I (F22) got attached to a guy (M25) for 9 months and I liked him but he didn’t share the same feelings for me. He wanted everything in a relationship but didn’t want to take any responsibility and accountability. I don’t know why or how I got attached to him actually but that’s besides the point. The first time we were physically intimate was after I had some alcohol (beer 1 standard) for which I actually requested when we saw each other because I had never drank prior to that and knew he drank and wanted to try it. I was thin at 85 pounds at that time so a single standard made me wobbly on my feet. We were under a bridge and I simply wanted to lay on his chest and after a bit he took off his shirt which I didn’t really care about. But it was when he lifted me up and adjusted me when he sort of came in to kiss me which I reciprocated but wasn’t really into it. Because of my sheer vulnerability of never being with a guy, not being able to say no, and also I think intoxicated state I went along with him. It got into full foreplay. After I held his hand impulsively when we left. But a few days passed and I got a really uneasy feeling. I had told him prior that I had never even held hands with a guy let alone anything rose and that I was timid. In other words he knew of my sheer vulnerability. I know he can’t read my mind but I thought that with his prior experience that he would have had the sensibility to have made me feel more comfortable and check in on me a lot because going from not even holding hands to fingering is a lot. And also stopped it all (due to intoxication) and reassured me that he wasn’t disappointed in it stopping. I feel as I am to blame but still feel uneasy about the whole thing.

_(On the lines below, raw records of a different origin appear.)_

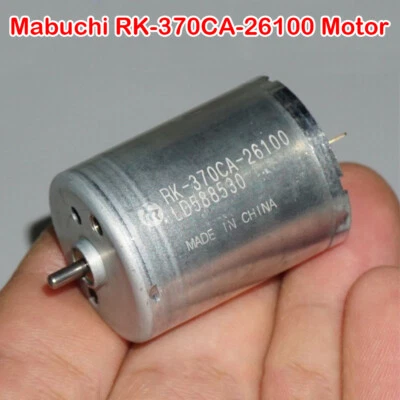 MARKENLOS Mabuchi RK-370CA-26100 Motor DC3V 5V 6V 10600RPM High Speed Large Torque RC Boat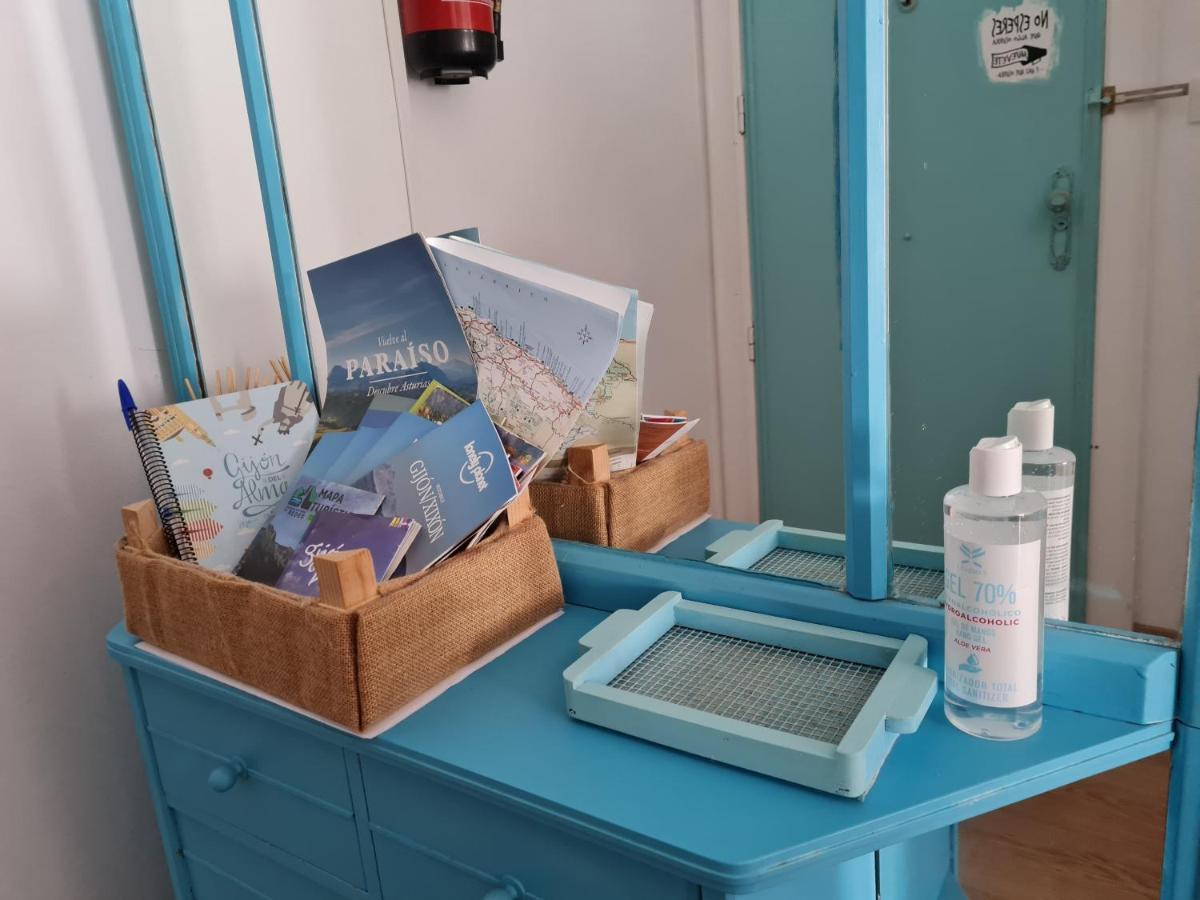 Apartamento Playa San Lorenzo Daire Gijón Dış mekan fotoğraf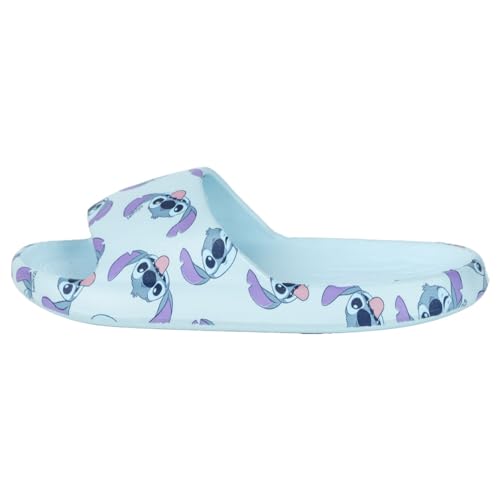 CERDÁ LIFE'S LITTLE MOMENTS Stitch Flip-Flops für Kinder, Blau, Größe 30/31, hergestellt aus 100% EVA, Flip-Flops, Stitch-Druck, Originalprodukt, entworfen in Spanien, blau, 30/31 EU von CERDÁ LIFE'S LITTLE MOMENTS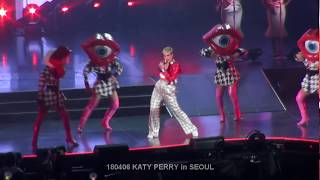 Download Lagu 180406 i kissed a girl 키스해써~ katy perry in seoul MP3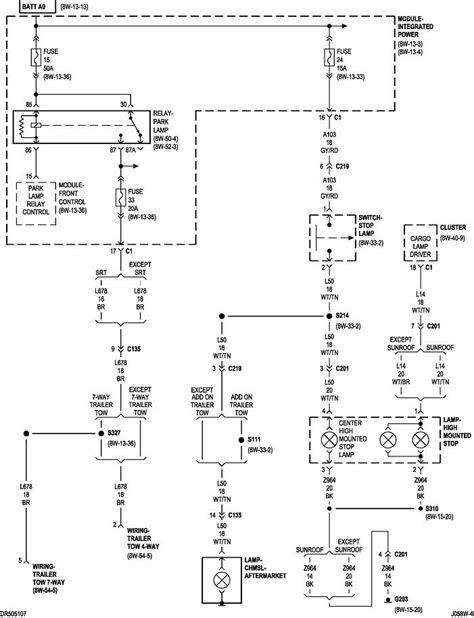 Chevy Truck Tail Light Wiring Color Code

Another thing that happened with him was when I was at his apartment and was not dressed. He had a Polaroid camera and was joking about taking photos of me. I jokingly ran away from him and said no jokingly (I really didn’t want him to do it). He took one. At other times he jokingly would take pictures of me on his phone and then deleted them to “reassure” me they were gone. Those times I just didn’t say anything period – again my mistake but I didn’t say yes either. I have a big thing with photos and stuff – huge no no for me. For which I told him. He also pressured me once to send something to him via Snapchat which I gave in once.
Those two things. Usually I expressed my uneasiness with body language more than anything. He was rough during sex and often told me that I wanted it too which neither I liked. I would imply to him via messaging that I didn’t like his roughness such as saying that I liked to be caressed and avoiding harsh words and language when we’d sext (just messaging). Anyway, I just wanted to get some opinions because I feel entirely at fault for all of it. I honestly have been really sort of messed up because of him. For anyone who answers I honestly can’t thank you enough.
tl;dr
I was intoxicated when I had my first intimate moment and the guy knew my sheer vulnerability but didn’t attempt to do anything about it or comfort/reassure me. Also he took un consensual photos of me but I didn’t clearly say no (jokingly said no while running away trying to hide body) am I being dramatic if I said I’m uneasy about it all?